Les campagnes de dénigrement révèlent des personnes délivrant une information honnête

km. Le dernier livre de Michael Lüders a suscité des réactions très divergentes en Allemagne. Quelques grands médias allemands ont fortement polémiqué contre l’auteur et tenté de mettre son sérieux en doute. Mais cela n’a pas été l’unique réaction. Michael Lüders a été invité en Allemagne à de nombreuses présentations de son livre et conférences. Le magazine culturel de l’ARD intitulé «Titres, thèses, tempéraments» s’est exprimé positivement au sujet de l’auteur et de son livre dans son émission du 30 avril. La conclusion: «Le livre de Lüders est important, il faut l’écouter et discuter avec lui.» L’engagement de l’Université de Trèves – malgré une lettre de protestation contre l’acceptation de l’auteur en tant que professeur invité – et le commentaire des deux professeurs responsables de la série de conférences sont univoques: «Les auteurs [de la lettre de protestation contre Michael Lüders] poursuivent manifestement le but d’entraver la liberté de la science à l’université, en exigeant d’empêcher qu’une personne défendant des opinions gênantes puisse s’exprimer. Limpides sont également le reportage et le commentaire du site «saarland-fernsehen.de» à la suite du première cours de Michael Lüders à Trèves: «Il a démasqué la narration politique occidentale affirmant que ‹la seule chose qui compte c’est faire du bien›, pour cacher les intérêts géopolitiques partisans. […] Ce n’est pas la bienveillance humanitaire, mais le calcul géopolitique qui dirige les grandes puissances […]. En écoutant la conférence de Michael Lüders, on réalise que le Proche-Orient est très près de l’Occident quand il s’agit de protéger ses propres intérêts et qu’il en est très éloigné quand il s’agit de placer les populations locales et leur bien-être au centre du débat».

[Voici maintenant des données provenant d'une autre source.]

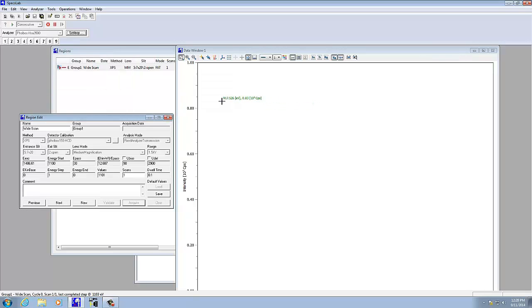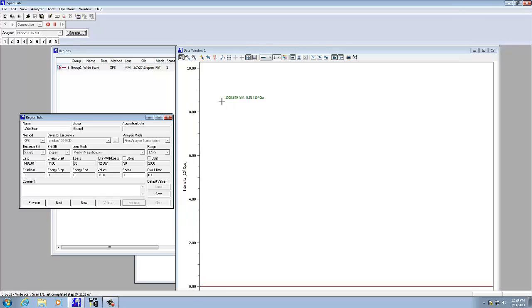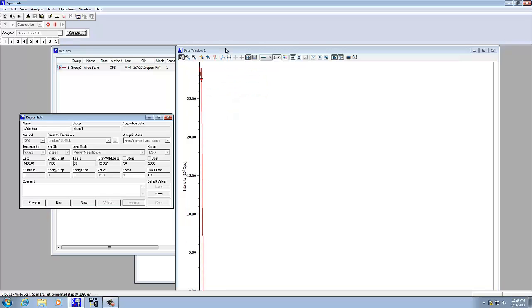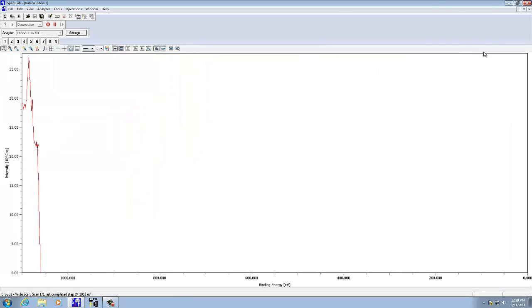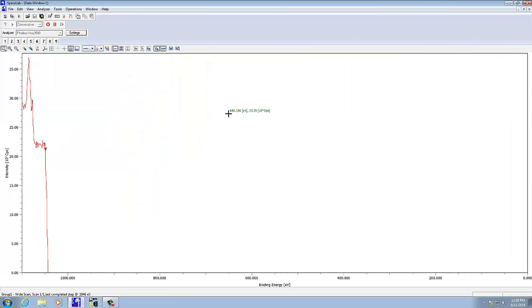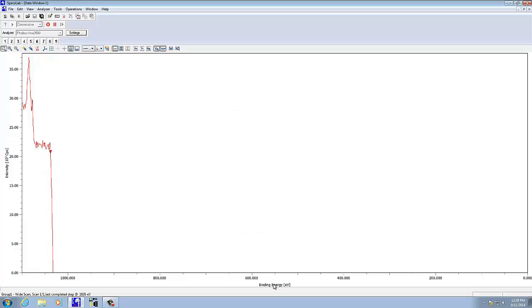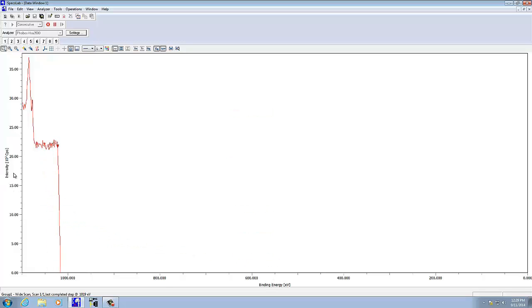Now it is starting to take the data here, and it's going to step through the energy. I'll use the full scale here. It's giving us binding energy on the bottom, and then intensity and counts per second on the left-hand side.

Le Deutschlandfunk a bien repris les critiques exprimées contre Lüders, tout en lui donnant également la parole. L’auteur a donc pu caractériser les attaques diffamantes contre lui avec les termes suivants: «En principe, il faut toujours s’attendre à ce que quiconque se place en opposition au «mainstream», aux idées prédominantes en politique et remet en question la couverture médiatique soit confronté à des vents contraires – car cela ne plaît pas à tout le monde dès que la lecture officielle des évènements est remise en question». Et de continuer: «Il est frappant de voir que les personnes partageant mes points de vue, ou plus généralement, les personnes qui ne souscrivent pas à la pensée unique, ne sont souvent pas critiquées dans les faits mais au niveau de la personne.»
En Allemagne, il semble que de moins en moins de personne se laissent impressionner. La méfiance envers le «mainstream» a augmenté, les campagnes de dénigrement révèlent des personnes délivrant une information honnête. Qu’on se le dise!